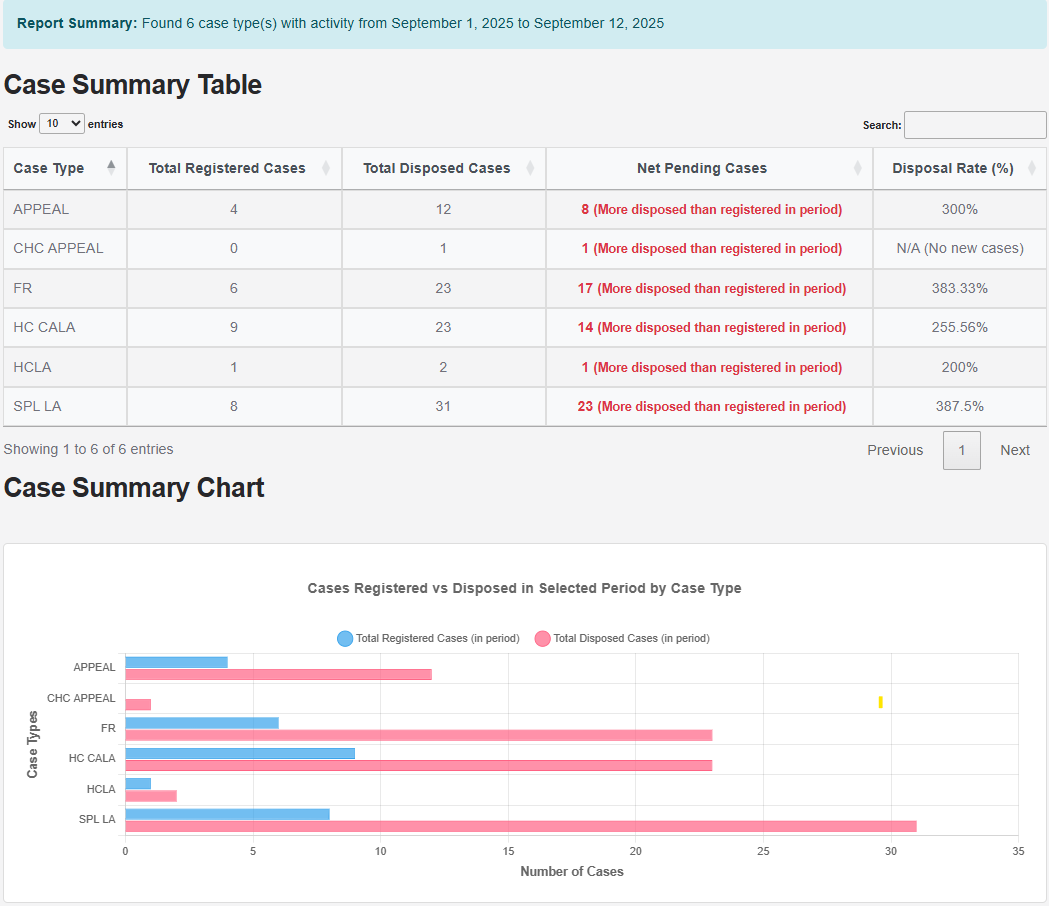 September 2025 Report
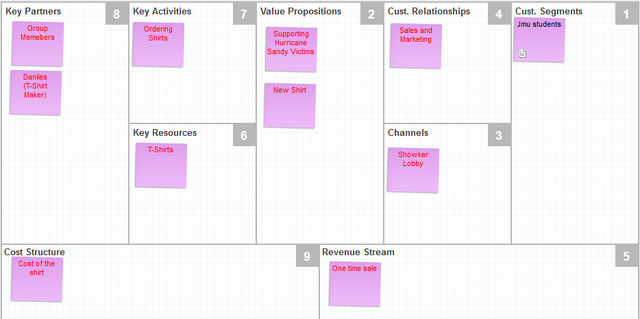 File:Last model.png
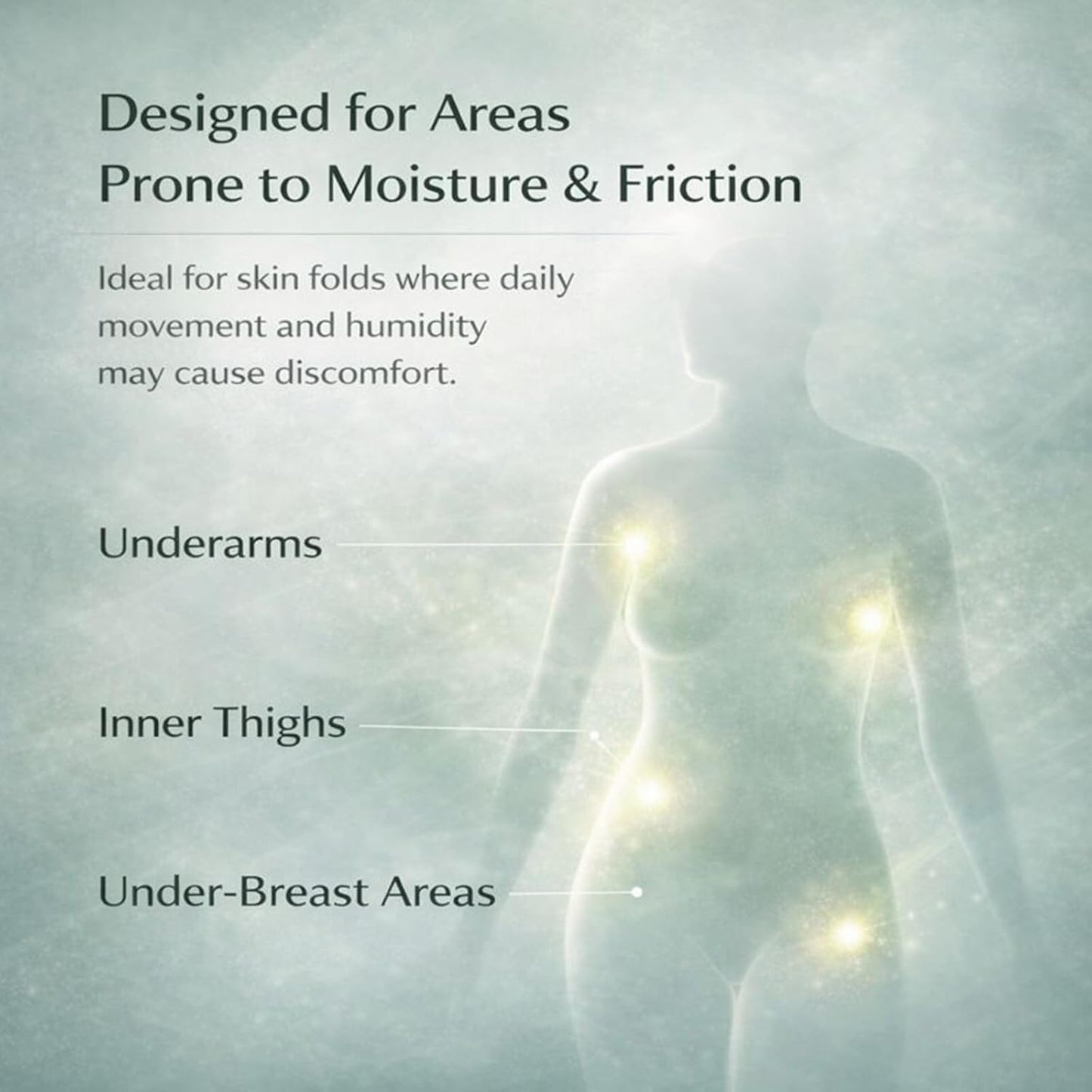 Livalur Daily Skin Fold & Chafing Support Cream, Moisture Barrier for Friction-Prone Areas, Fast-Absorbing, Non-Greasy, 2 Pack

○ ○ ○ ○

## What is needed
What you produce must match the listing word for word, with no images in it.

## Task result
 September 2025 Report
 File:Last model.png
 Livalur Daily Skin Fold & Chafing Support Cream, Moisture Barrier for Friction-Prone Areas, Fast-Absorbing, Non-Greasy, 2 Pack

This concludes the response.